Hurricane Dorian slows in Bahamas; unlikely to hit Florida directly

By late Monday evening and early Tuesday, the storm is expected to move "dangerously close" to the Florida shoreline, the hurricane center reported

Bloomberg 

Strong winds move the palms of the palm trees at the first moment of the arrival of Hurricane Dorian in Freeport, Grand Bahama, Bahamas, Sunday Sept. 1, 2019. AP/PTI
Strong winds move the palms of the palm trees at the first moment of the arrival of Hurricane Dorian in Freeport, Grand Bahama, Bahamas, Sunday Sept. 1, 2019. AP/PTI

Dorian has slowed to a crawl over the Bahamas, and will likely inflict colossal damage to property and infrastructure there for most of the day before gradually turning to the northwest to begin a run up the US East Coast.

Dorian was moving forward at just 1 mile per hour, according to a 11 a.m. advisory by the US National Center. It was packing sustained speeds of 155 mph, dropping it to Category 4 status, the center reported. Located about 25 miles (56 kilometers) north-northeast of Grand Bahama Island, Dorian has ripped off roofs, overturned cars and torn down power lines across the chain of islands, the Associated Press reported.

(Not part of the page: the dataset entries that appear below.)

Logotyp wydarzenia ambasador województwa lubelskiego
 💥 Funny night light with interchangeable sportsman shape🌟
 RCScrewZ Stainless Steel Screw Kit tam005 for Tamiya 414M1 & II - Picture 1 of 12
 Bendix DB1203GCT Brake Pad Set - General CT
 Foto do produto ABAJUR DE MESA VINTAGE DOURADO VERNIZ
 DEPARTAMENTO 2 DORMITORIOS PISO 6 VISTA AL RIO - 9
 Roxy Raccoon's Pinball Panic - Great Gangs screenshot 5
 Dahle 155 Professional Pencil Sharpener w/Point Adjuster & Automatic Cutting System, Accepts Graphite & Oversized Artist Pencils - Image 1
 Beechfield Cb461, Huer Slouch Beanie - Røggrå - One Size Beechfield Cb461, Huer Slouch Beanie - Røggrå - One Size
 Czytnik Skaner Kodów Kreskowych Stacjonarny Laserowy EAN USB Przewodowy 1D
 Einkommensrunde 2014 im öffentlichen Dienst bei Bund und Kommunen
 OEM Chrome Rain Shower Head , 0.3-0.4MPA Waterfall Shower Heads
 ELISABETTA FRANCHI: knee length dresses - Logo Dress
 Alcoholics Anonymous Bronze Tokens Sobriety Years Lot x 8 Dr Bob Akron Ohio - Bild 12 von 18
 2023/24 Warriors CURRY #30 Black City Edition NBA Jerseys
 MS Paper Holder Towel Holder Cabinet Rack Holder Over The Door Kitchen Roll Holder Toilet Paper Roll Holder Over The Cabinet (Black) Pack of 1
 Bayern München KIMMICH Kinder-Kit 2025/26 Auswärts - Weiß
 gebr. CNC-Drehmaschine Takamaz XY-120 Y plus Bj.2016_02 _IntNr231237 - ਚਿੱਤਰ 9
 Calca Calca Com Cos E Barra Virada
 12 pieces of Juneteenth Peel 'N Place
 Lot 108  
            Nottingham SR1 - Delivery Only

By late Monday evening and early Tuesday, the storm is expected to move “dangerously close” to the Florida shoreline, the center reported. But Dorian’s slow forward motion probably takes a direct hit on Florida’s coast off the table, said Adam Douty, a meteorologist with AccuWeather Inc. in State College, Pennsylvania.

“It seems less likely that we will see a landfall in Florida,” Douty said by telephone. “The outer edge of the eye wall could brush Cape Canaveral.” Its current projected turn would also bring it close to the St. Lucie nuclear power station, home to two nuclear reactors owned by Nextera Energy Inc.’s subsidiary Florida Power & Light.

Dorian, which previously hit sustained winds as high as 185 mph, will churn up cooler water from the deep Atlantic, and that will help weaken it, according to the hurricane center, but it will remain "extremely dangerous." Dorian’s wind field is predicted to expand, which would bring hurricane-force winds closer to the east coast of Florida, the center reported.

The current forecast keeps Dorian’s center offshore but “it doesn’t take much, a little wobble, a little wiggle and you have hurricane-force winds on shore,” said Ken Graham, hurricane center director, in a live Facebook briefing. In any case, the slow motion of the storm and its track up the East Coast means the US won’t get relief for days.

“We’re talking a hurricane for an entire week,” Graham said.

$25 Billion in Losses

Dorian will cause at least $25 billion of insurance losses, according to analysts at UBS Group AG, the costliest of any natural disaster since 2017. Depending on whether it hits the eastern coast of Florida in the next few days, the storm could cost as much as $40 billion, they said.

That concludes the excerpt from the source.